- [ASSIGNED TASK]:
Write out word for word each line from the one containing "Zeal - RIZING" through the close of the listing, including both ends. Pictures do not belong in the copy.

- [DATA SUPPLIED]:
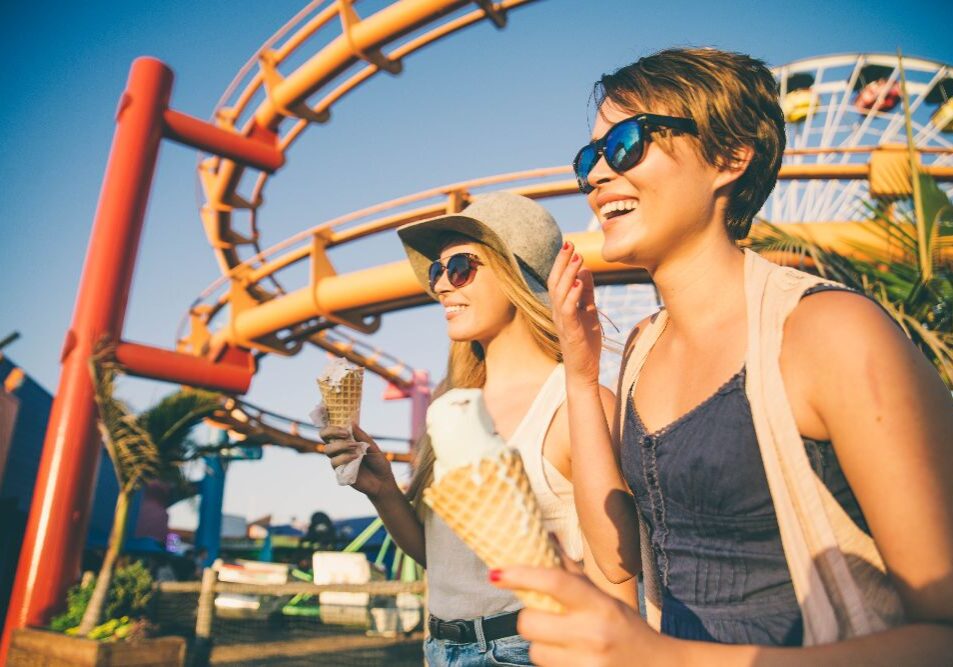 Urgent Care Near theme parks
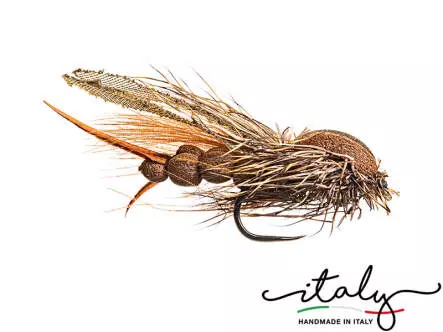 Morgans Stonefly V4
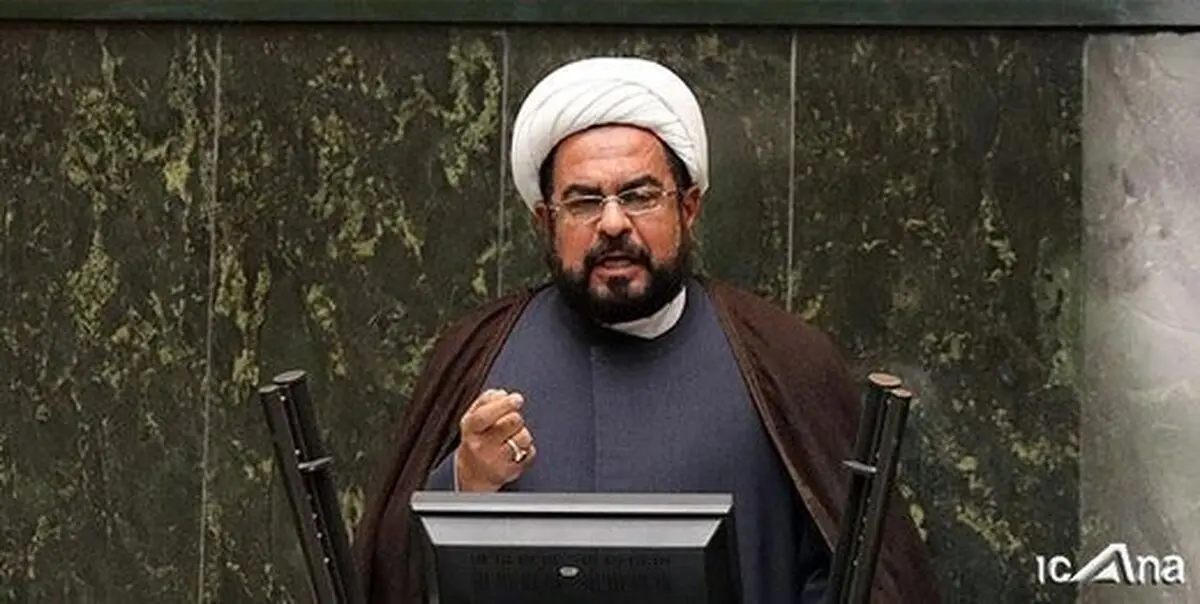 نماینده مجلس : خوزستان گرفتار تنش آبی، گرانی و گرد وخاک است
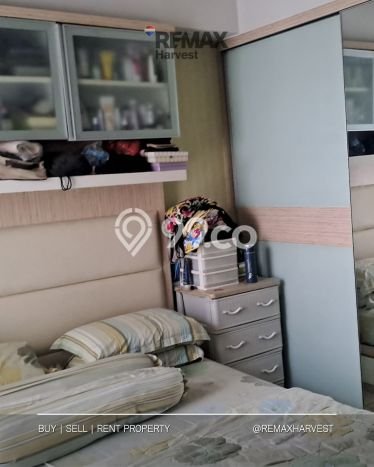 Hunian Apartemen Ideal untuk Dijual di Jakarta Barat dengan 3 Kamar Hunian Apartemen Ideal untuk Dijual di Jakarta Barat dengan 3 Kamar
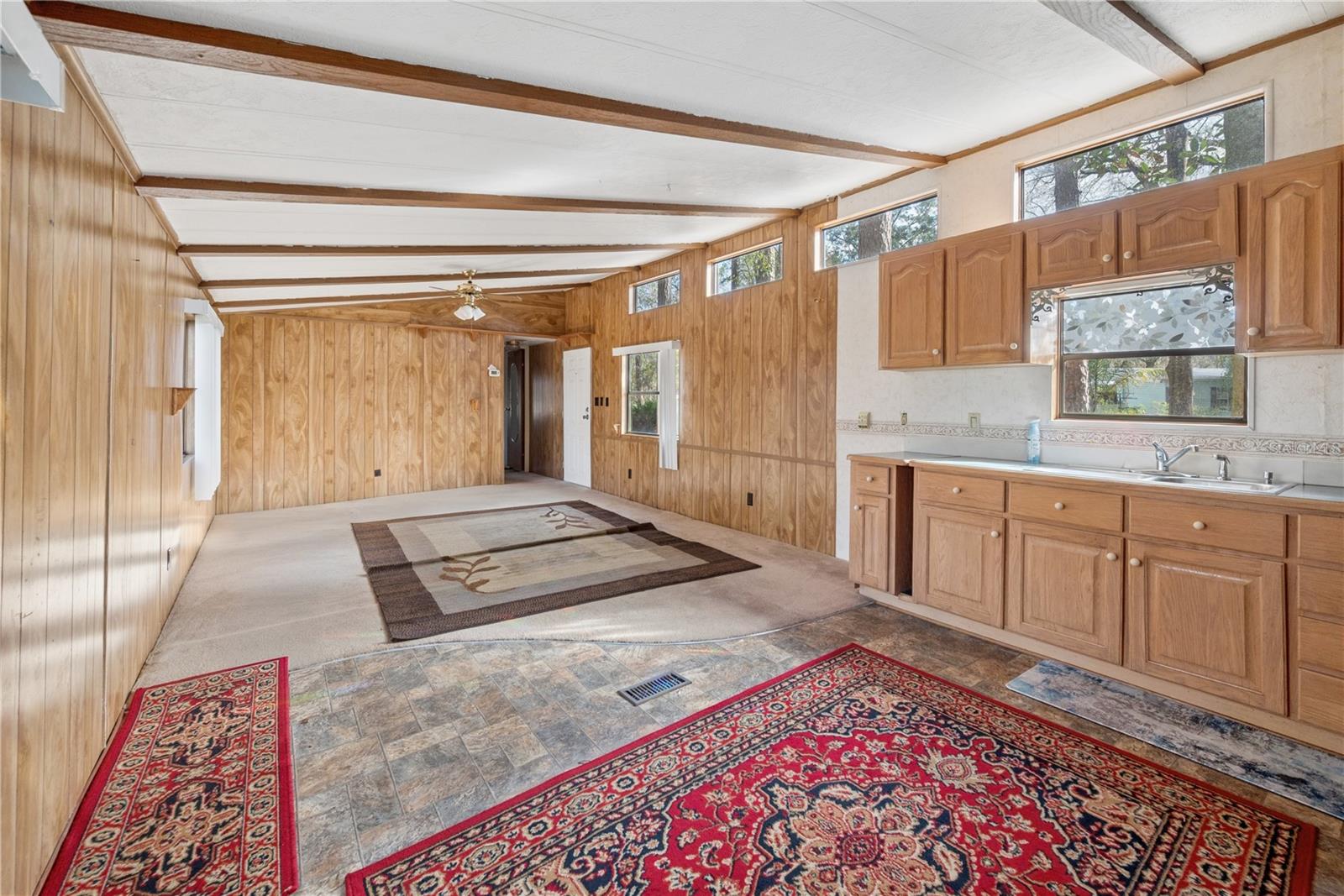 SEMINOLE WOODS - Residential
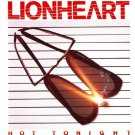 Hot Tonight [Vinyl] Lionheart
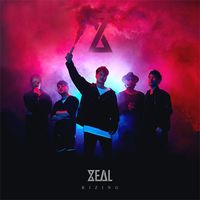 Zeal - RIZING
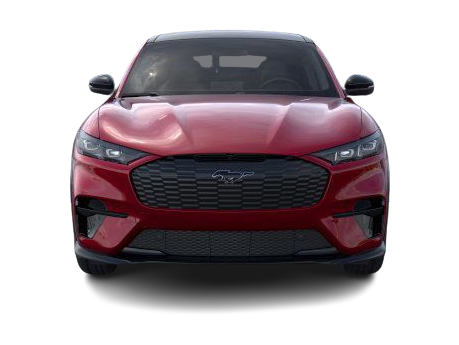 Thumbnail: 2025 Ford Mustang Mach-E - 6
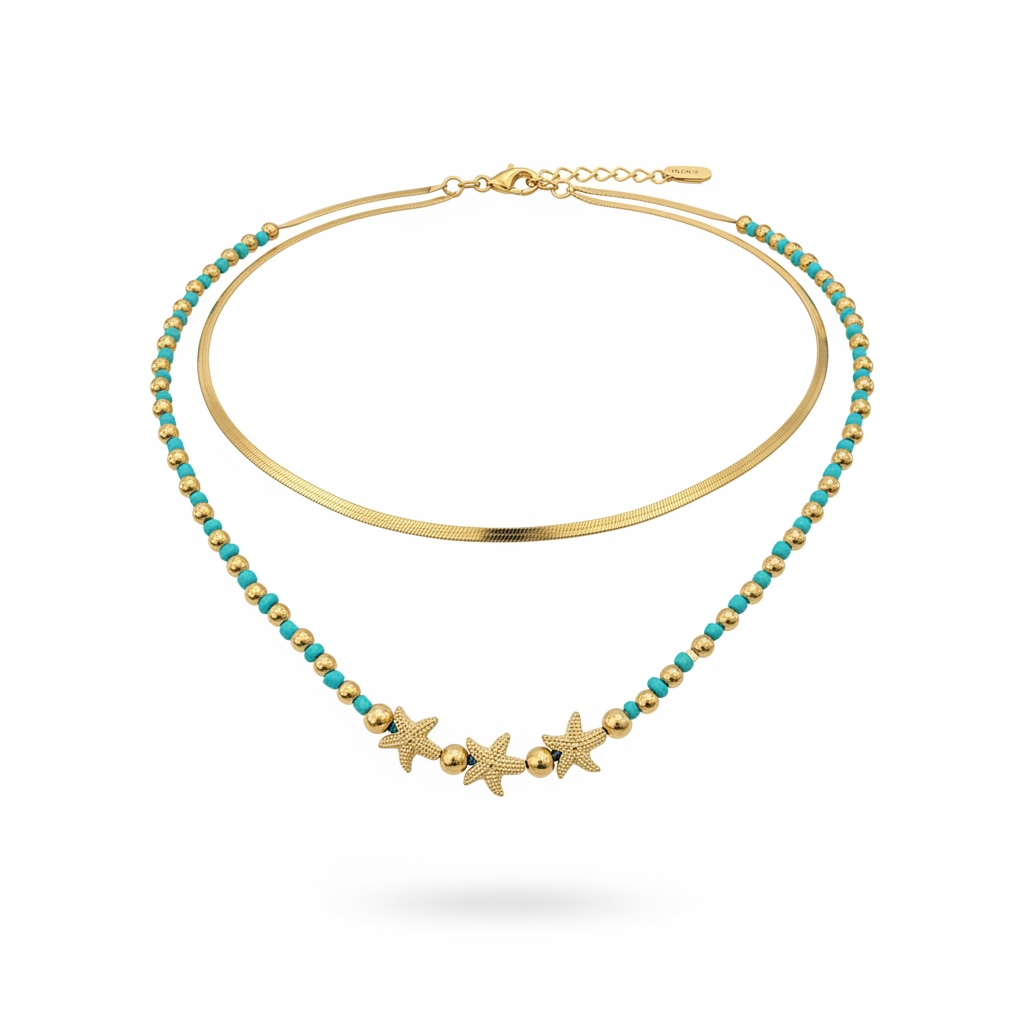 Collana Myconos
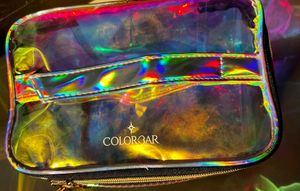 Colorbar Iridescent Soft Vanity New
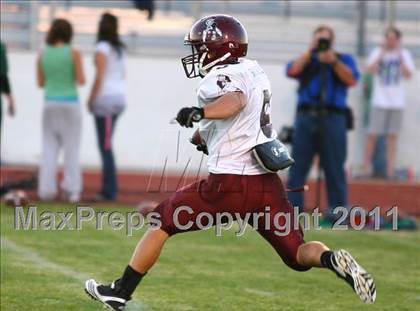 Thumbnail 1 in Centennial @ Mountain View photogallery.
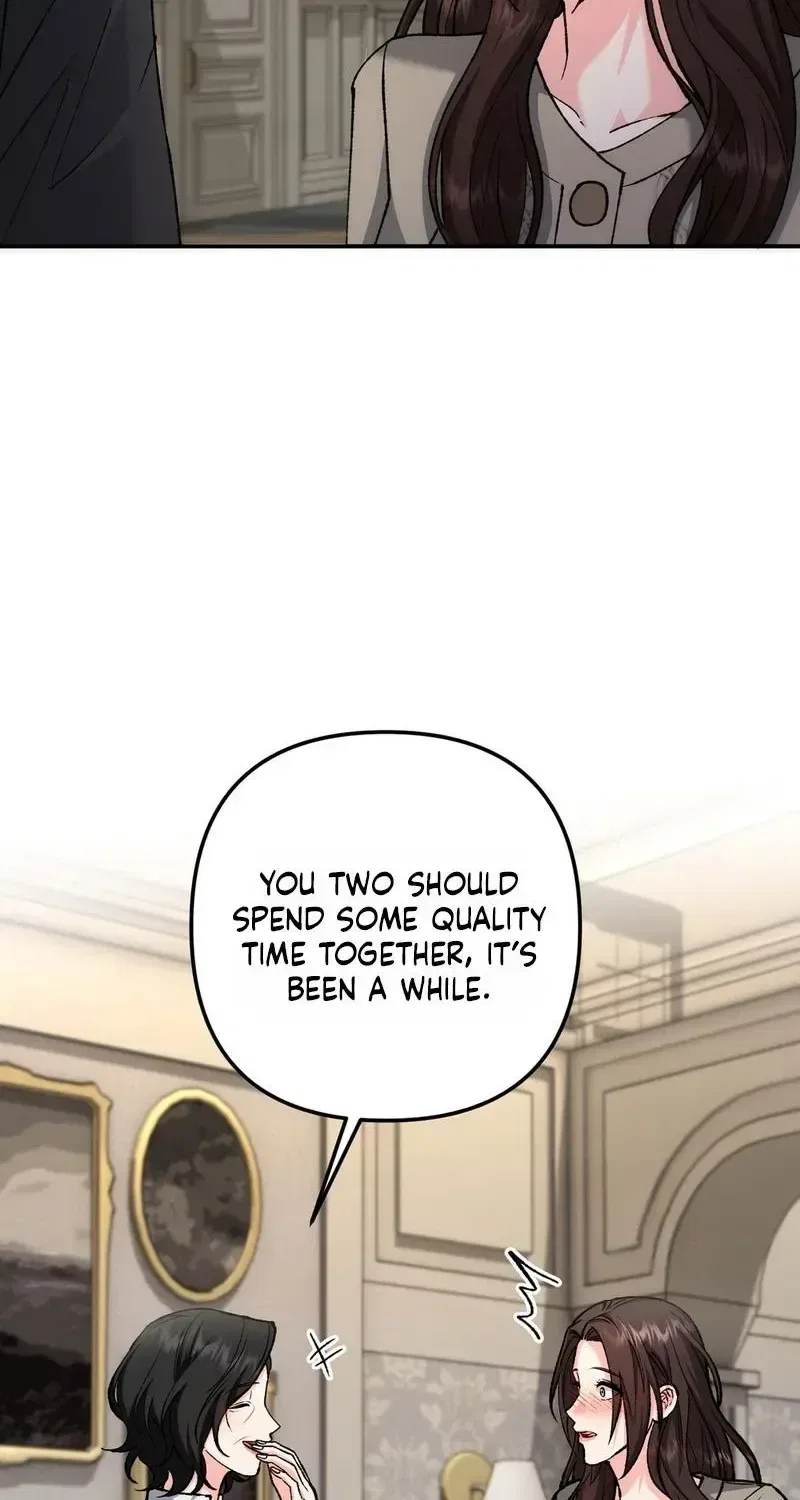 Because I Loved You So Much Chapter 43 – Page 25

- [REPLY TO THE EXERCISE]:
 Zeal - RIZING
 Thumbnail: 2025 Ford Mustang Mach-E - 6
 Collana Myconos
 Colorbar Iridescent Soft Vanity New
 Thumbnail 1 in Centennial @ Mountain View photogallery.
 Because I Loved You So Much Chapter 43 – Page 25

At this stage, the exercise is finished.